Source data
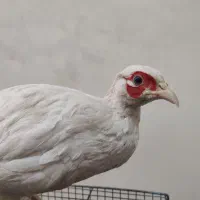 مرغ آمریکایی ، هلندی ، کاکلی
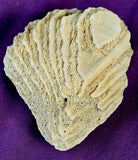 LG. White Fossilized Brain Coral Specimen ✨🤯🤍🧠🌊🐚🪸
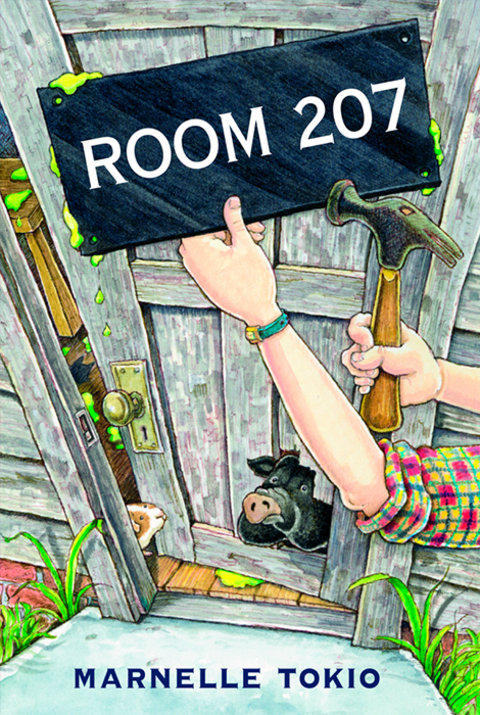 Cover image for book Room 207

Task item
Leave out the pictures and set down all of the data exactly.

Your response
 مرغ آمریکایی ، هلندی ، کاکلی
 LG. White Fossilized Brain Coral Specimen ✨🤯🤍🧠🌊🐚🪸
 Cover image for book Room 207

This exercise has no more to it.